In Encog 3.x, how do you normalize data, use it for training, and denormalize results?
There is no good documentation on this and a simple example that applies each of these would go a long way in reducing the learning curve on Encog. I haven't figured it all out yet, but here are some resources.
(1) *How does Encog 3.0 Normalize?*
This code is ok for saving a new normalized csv. It is not clear here though how to take the AnalystNormalizeCSV and convert it to an MLDataSet to actually use it.
EncogAnalyst analyst = new EncogAnalyst();
AnalystWizard wizard = new AnalystWizard(analyst);
wizard.wizard(sourceFile, true, AnalystFileFormat.DECPNT_COMMA);
final AnalystNormalizeCSV norm = new AnalystNormalizeCSV();
norm.analyze(sourceFile, true, CSVFormat.ENGLISH, analyst);
norm.setOutputFormat(CSVFormat.ENGLISH);
norm.setProduceOutputHeaders(true);
norm.normalize(targetFile)
(2) *How do I normalize a CSV file with Encog (Java)*
This code is, again, ok for producing a normalized csv output. But it is unclear on how to take the normalized data and actually apply it. There is a method for setting the target as an MLData, but it assumes all columns are inputs and doesn't leave room for any ideals. Furthermore, both of these options are difficult to use when the file has headers and/or unused columns.
try {
File rawFile = new File(MYDIR, "iris.csv");
// download Iris data from UCI
if (rawFile.exists()) {
System.out.println("Data already downloaded to: " + rawFile.getPath());
} else {
System.out.println("Downloading iris data to: " + rawFile.getPath());
BotUtil.downloadPage(new URL("http://archive.ics.uci.edu/ml/machine-learning-databases/iris/iris.data"), rawFile);
}
// define the format of the iris data
DataNormalization norm = new DataNormalization();
InputField inputSepalLength, inputSepalWidth, inputPetalLength, inputPetalWidth;
InputFieldCSVText inputClass;
norm.addInputField(inputSepalLength = new InputFieldCSV(true, rawFile, 0));
norm.addInputField(inputSepalWidth = new InputFieldCSV(true, rawFile, 1));
norm.addInputField(inputPetalLength = new InputFieldCSV(true, rawFile, 2));
norm.addInputField(inputPetalWidth = new InputFieldCSV(true, rawFile, 3));
norm.addInputField(inputClass = new InputFieldCSVText(true, rawFile, 4));
inputClass.addMapping("Iris-setosa");
inputClass.addMapping("Iris-versicolor");
inputClass.addMapping("Iris-virginica");
// define how we should normalize
norm.addOutputField(new OutputFieldRangeMapped(inputSepalLength, 0, 1));
norm.addOutputField(new OutputFieldRangeMapped(inputSepalWidth, 0, 1));
norm.addOutputField(new OutputFieldRangeMapped(inputPetalLength, 0, 1));
norm.addOutputField(new OutputFieldRangeMapped(inputPetalWidth, 0, 1));
norm.addOutputField(new OutputOneOf(inputClass, 1, 0));
// define where the output should go
File outputFile = new File(MYDIR, "iris_normalized.csv");
norm.setCSVFormat(CSVFormat.ENGLISH);
norm.setTarget(new NormalizationStorageCSV(CSVFormat.ENGLISH, outputFile));
// process
norm.setReport(new ConsoleStatusReportable());
norm.process();
System.out.println("Output written to: " + rawFile.getPath());
} catch (Exception ex) {
ex.printStackTrace();
}
(3) *Denormalizing*
I'm at a total loss for how to take all of this and denormalize according to the appropriate data-type's max's and min's.

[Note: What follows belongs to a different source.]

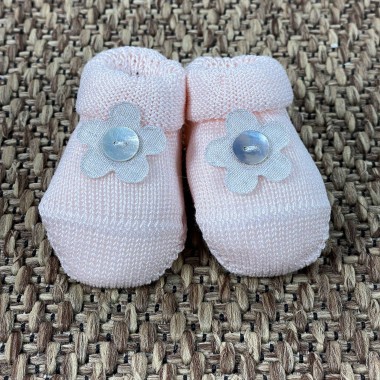 Babbucce fiore Babbucce 0/3 mesi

Here are few resources ,where you can get more detailed information about normalization and denormalization using ENCOG framework.
These great e-books written by Jeff Heaton himself, 1. Programming Neural Networks with Encog3 in C#, 2nd Edition by Heaton, Jeff (Oct 2, 2011) 2.Introduction to Neural Networks for C#, 2nd Edition by Jeff Heaton (Oct 2, 2008) These are must have ebooks for ENCOG users.

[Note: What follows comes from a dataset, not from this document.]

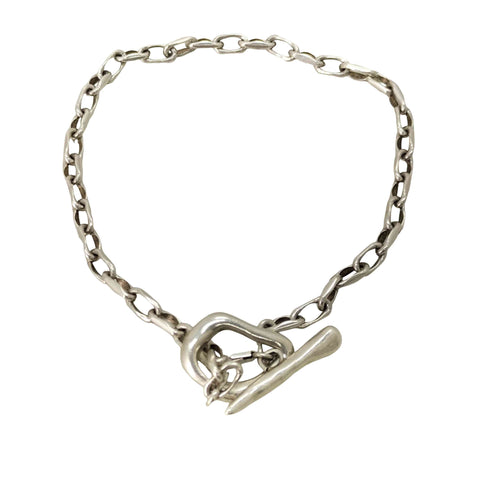 テン TEN. 925刻印 ムーブフープ ブレスレット メンズ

You can also have a look at pluralsight course on "Introduction to Machine learning with ENCOG", this also includes few examples of normalization and denormalization.
Now regarding your queries :"It is not clear here though how to take the AnalystNormalizeCSV and convert it to an MLDataSet to actually use it."
well you can use AnalystNormalizeCSV to normalize your training file. And then you can use LoadCSV2Memory of EncogUtility class to load the normalized training file to get the ML DataSet. Here is a sample code in C#,
var trainingSet = EncogUtility.LoadCSV2Memory(Config.NormalizedTrainingFile.ToString(),
network.InputCount, network.OutputCount,true, CSVFormat.English,false);
it takes the normalized training file as first parameter, network input neuron count as second, network output neuron count as third, fourth parameter is boolean if you have header in your csv file, then you can mention the format as the fifth parameter, and sixth parameter is for significance.
so once you have this dataset in memory, you can use it for training. Similar approach can be taken in cross validation and evaluation step also.
Regarding denormalization, you can first persist the analyst file, and later you can use analyst file to denormalize individual columns also. For example :
var denormlizedOutput = analyst.Script.Normalize.NormalizedFields[index].DeNormalize(item.Input[index]);
Similar approach can be used in denormalizing fields to get class labels also. For example
var predictedClass = analyst.Script.Normalize.NormalizedFields[index].Classes[predictedClassInt].Name;